Once LiquiDoc knows the right file type, it will parse the file into a Ruby hash data structure for further processing.

==== CSV Data

Data ingested from CSV files will use the first row as key names for columnar data in the subsequent rows, as shown below.

.Example -- sample.csv showing header/key and value rows
[source,csv]
----
name,description,default,required
enabled,Whether project is active,,true
timeout,The duration of a session (in seconds),300,false
----

The above source data, parsed as a CSV file, will yield an _array_.
Each array item represents a row from the CSV file (except the first row).
Each array item contains a _structure_, or what Ruby calls a _hash_.
As represented in the CSV example above, if the structure contains more than one key-value pair (more than one “column” in the source), all such pairs will be siblings, not nested or hierarchical.
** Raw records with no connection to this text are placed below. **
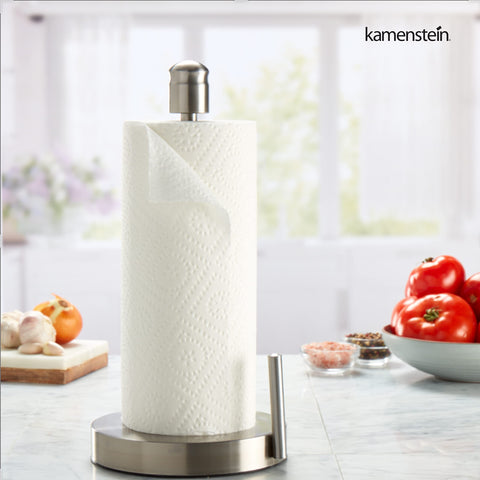 Kamenstein Perfect Tear shown in a kitchen or bathroom setup for convenient towel access.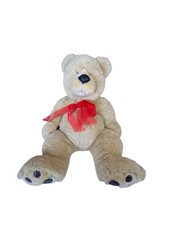 Large Tan Plush Teddy Bear w/ Red Bow  28  Soft Stuffed Animal Toy
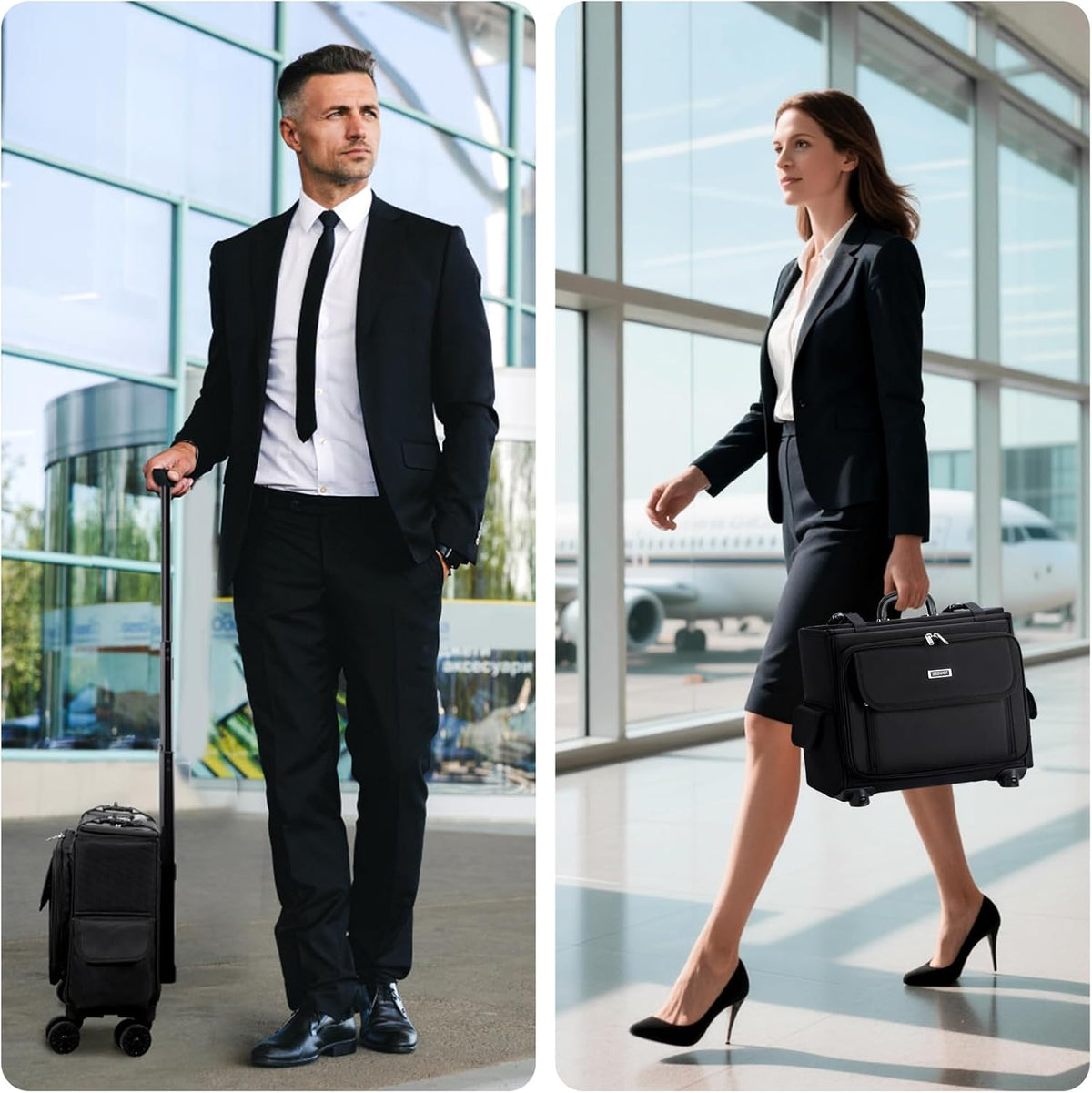 Rolling Laptop Bag 15.6 Inch, Ballistic Nylon Wheeled Briefcase for Men Women, Professional Rolling Work Bag, Underseat Carry On Business Case, 360 Spinner Wheels, Accordion File Office Bag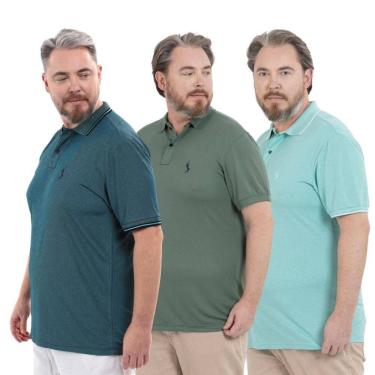 Imagem de Kit 3 Camisa Polo Plus Masculina Piquet Dia a Dia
.Example -- array derived from sample.csv, with values depicted
[source,ruby]
----
data[0].name #=> enabled
data[0].description #=> Whether project is active
data[0].default #=> nil
data[0].required #=> true
data[1].name #=> timeout
data[1].description #=> The duration of a session (in seconds)
data[1].default #=> 300
data[1].required #=> false
----

==== Free-form Data

Free-form data can only be parsed using regex patterns -- otherwise LiquiDoc has no idea what to consider data and what to consider noise.
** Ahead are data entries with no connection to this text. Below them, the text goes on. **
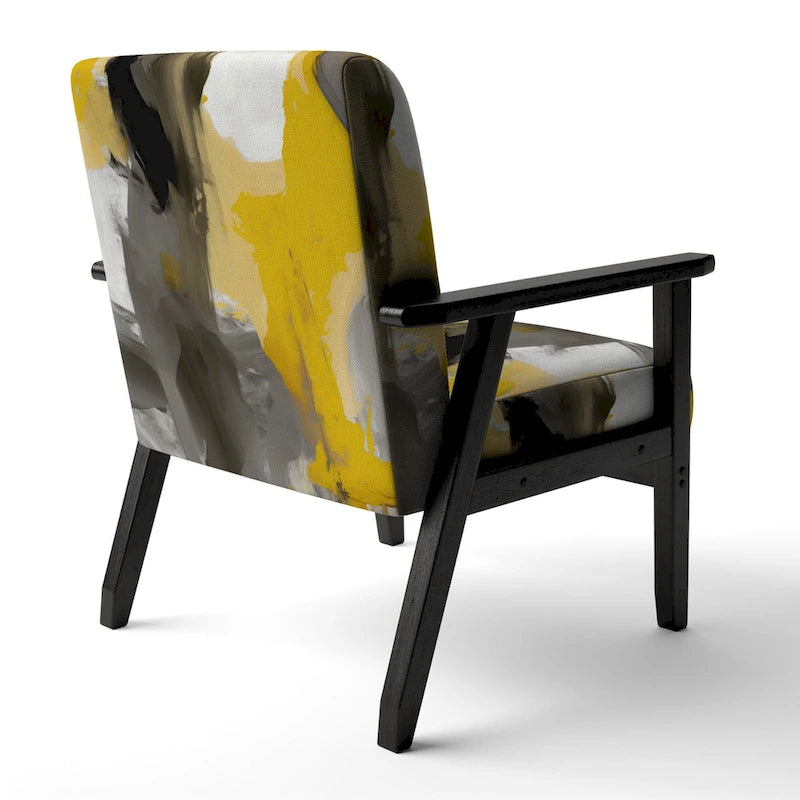 Designart Mustard Yellow And Vivid Gray II Upholstered Abstract Accent Chair and Modern & Contemporary Arm Chair-11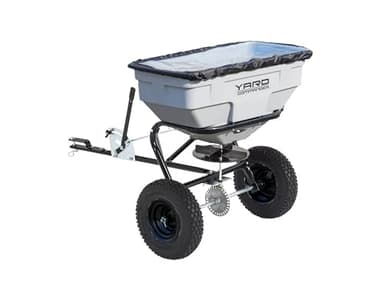 Yard Commander - 125 LB Tow Behind Lawn & Garden Broadcast Spreader - Seed, Fertilizer, Salt, Ice Melt - Premium Aluminum Cast Gears - Gate Lever for Easy Spread Control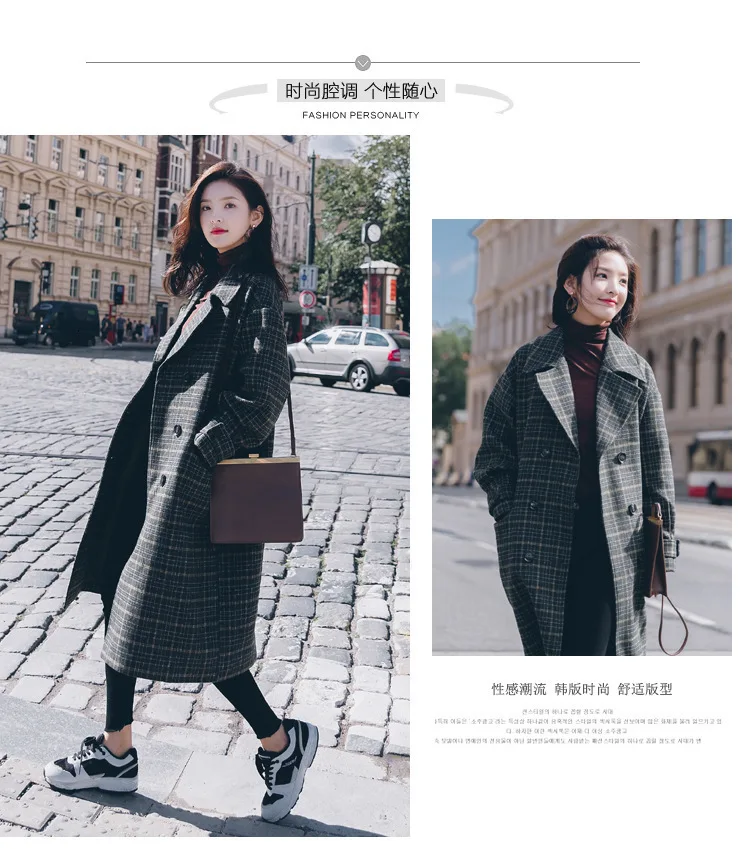 Vintage Plaids Clothes Loose Woollen Coat Women's New Checked Coat Baggy Silhouette Overcoat Tweeds Winter female Outerwear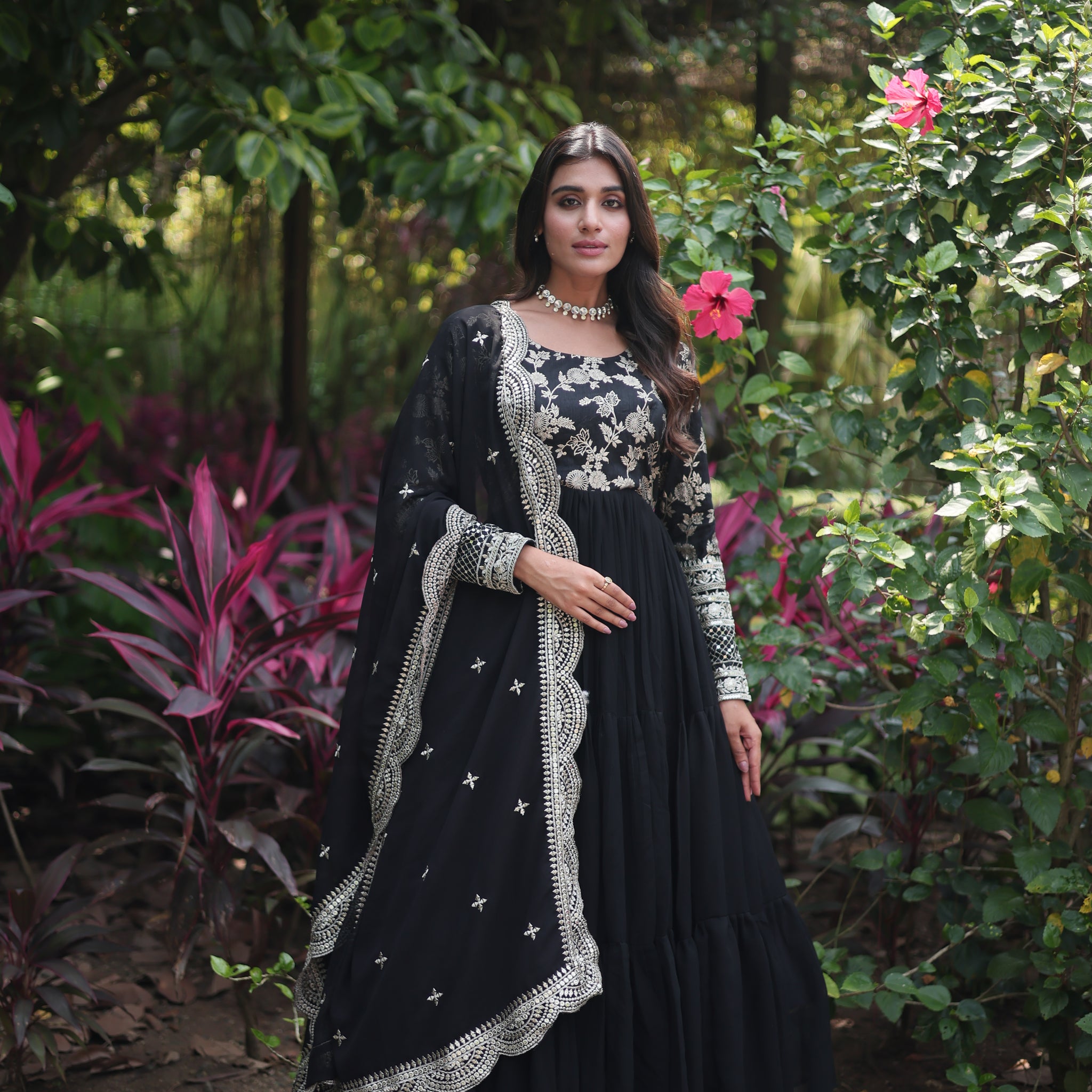Eva : Faux Blooming Bliss Special Gown and Dupatta with Sequins Embroidery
Any file organized with one record per line may be consumed and parsed by LiquiDoc, provided you tell the parser which variables to extract from where.
The parser will read each line individually, applying your regex pattern to extract data using named groups.

[TIP]
.Learn regular expressions
If you're already familiar enough with regex, this note is not for you.
If you deal with docs but are not a regex user, become one.
I promise you will deem the initial hurdles worth surmounting.

.Example -- sample.free free-form data source file
----
A_B A thing that *SnASFHE&"\|+1Dsaghf true
G_H Some text for &hdf 1t`F false
----

.Example -- regular expression with named groups for variable generation
[source,regex]
----
^(?<code>[A-Z_]+)\s(?<description>.*)\s(?<required>true|false)\n
----

.Example -- array derived from sample.free using above regex pattern
[source,ruby]
----
data[0].code #=> A_B
data[0].description #=> A thing that *SnASFHE&"\|+1Dsaghf
data[0].required #=> true
data[1].code #=> G_H
data[1].description #=> Some text for &hdf'" 1t`F
data[1].required #=> false
----

Free-form/regex parsing is obviously more complicated than the other data types.
Its use case is usually when you simply cannot control the form your source takes.
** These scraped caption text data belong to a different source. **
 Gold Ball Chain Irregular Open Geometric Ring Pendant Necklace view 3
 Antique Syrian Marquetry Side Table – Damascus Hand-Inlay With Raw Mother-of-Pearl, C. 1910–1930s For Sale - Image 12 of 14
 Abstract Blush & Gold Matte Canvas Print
The regex type is also handy when the content of some fields would be burdensome to store in conventional semi-structured formats like those natively parsed by LiquiDoc.
This is the case for jumbled content containing characters that require escaping, so you can keep source like that from the example above in the simplest possible form.

=== Templating

LiquiDoc will add the powers of Asciidoctor in a future release, enabling initial reformatting of complex source data _into_ AsciiDoc format using Liquid templates, followed by final publishing into rich formats such as PDF, HTML, and even slide presentations.

link:https://help.shopify.com/themes/liquid/basics[*Liquid*] is used for complex variable data, typically for iterated output.
For instance, an array of glossary terms and definitions that needs to be looped over and pressed into a more publish-ready markup, such as Markdown, AsciiDoc, reStructuredText, LaTeX, or HTML.
link:https://help.shopify.com/themes/liquid/basics[*Liquid*] is used for parsing complex variable data, typically for iterated output.
For instance, a data structure of glossary terms and definitions that needs to be looped over and pressed into a more publish-ready markup, such as Markdown, AsciiDoc, reStructuredText, LaTeX, or HTML.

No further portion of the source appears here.